> **Supplied material**
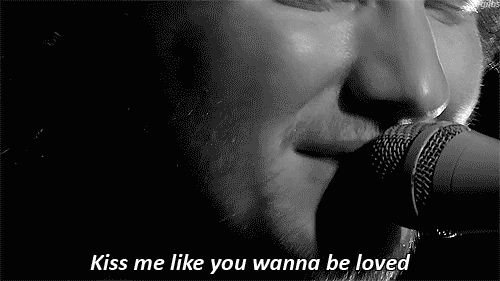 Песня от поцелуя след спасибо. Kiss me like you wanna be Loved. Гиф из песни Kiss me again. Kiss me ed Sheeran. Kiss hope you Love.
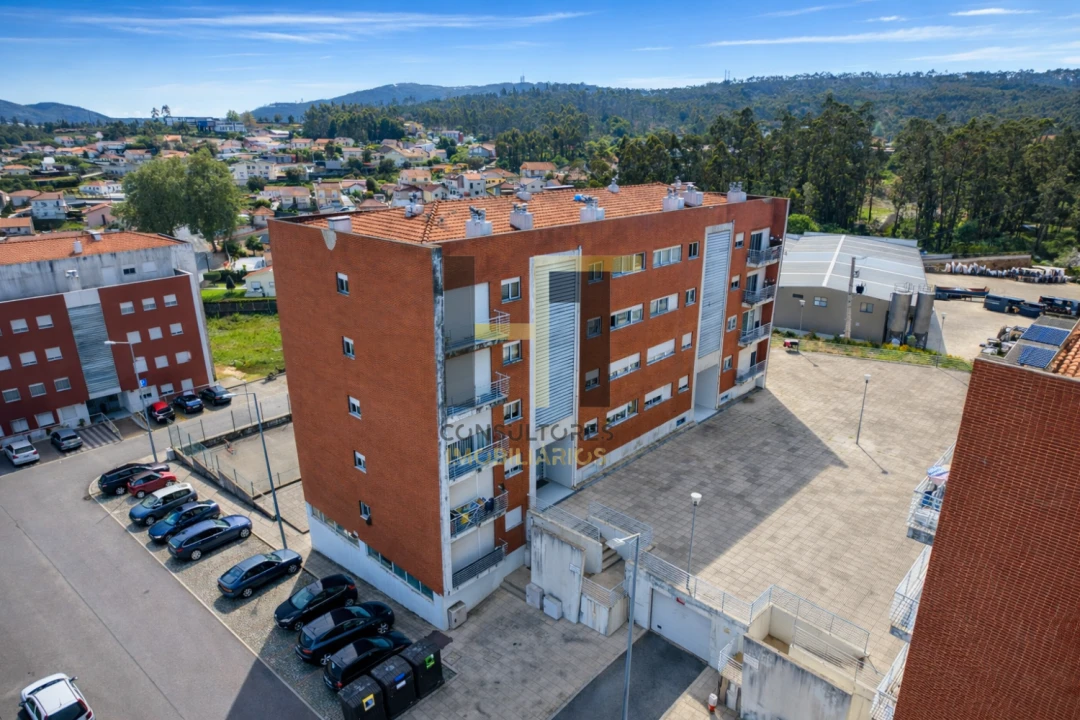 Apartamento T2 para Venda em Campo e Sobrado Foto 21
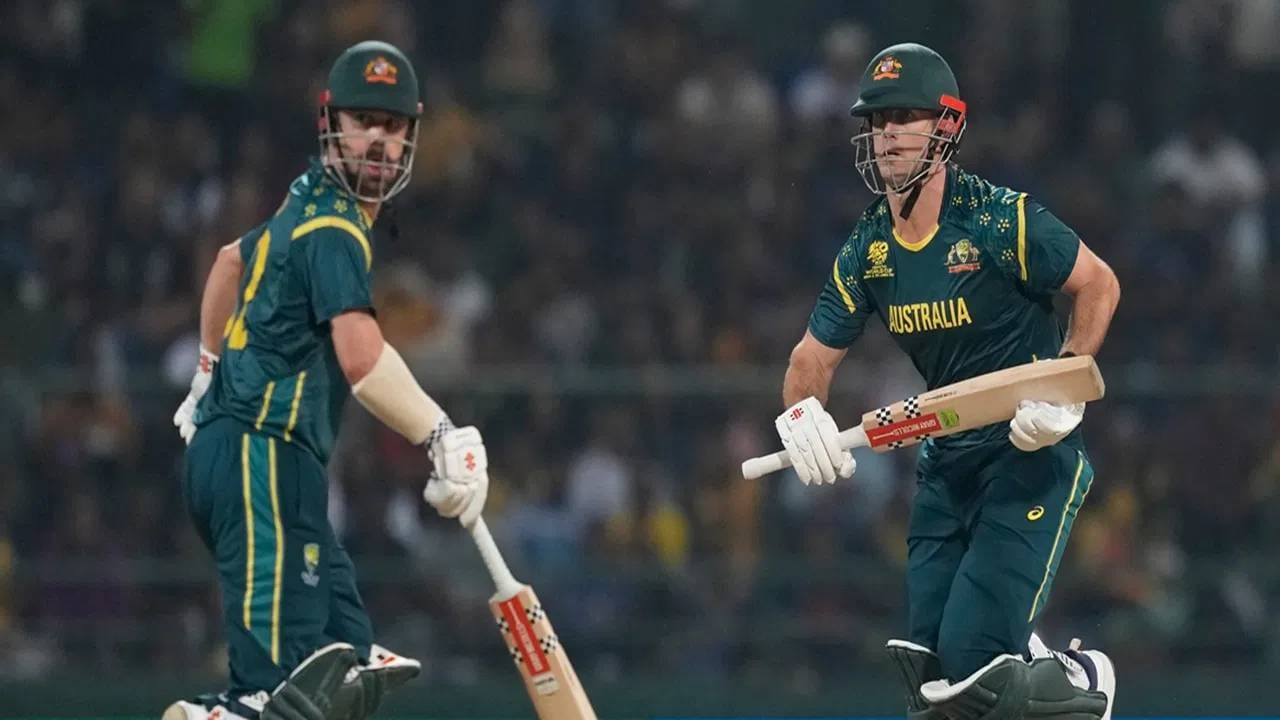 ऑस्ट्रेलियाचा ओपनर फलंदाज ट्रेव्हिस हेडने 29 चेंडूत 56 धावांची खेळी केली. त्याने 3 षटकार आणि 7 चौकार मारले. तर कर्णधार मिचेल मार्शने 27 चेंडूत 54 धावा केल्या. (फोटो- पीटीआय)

> **Required action**
Each line of the data above is to be output exactly; the pictures are not to appear.

> **Reply**
 Песня от поцелуя след спасибо. Kiss me like you wanna be Loved. Гиф из песни Kiss me again. Kiss me ed Sheeran. Kiss hope you Love.
 Apartamento T2 para Venda em Campo e Sobrado Foto 21
 ऑस्ट्रेलियाचा ओपनर फलंदाज ट्रेव्हिस हेडने 29 चेंडूत 56 धावांची खेळी केली. त्याने 3 षटकार आणि 7 चौकार मारले. तर कर्णधार मिचेल मार्शने 27 चेंडूत 54 धावा केल्या. (फोटो- पीटीआय)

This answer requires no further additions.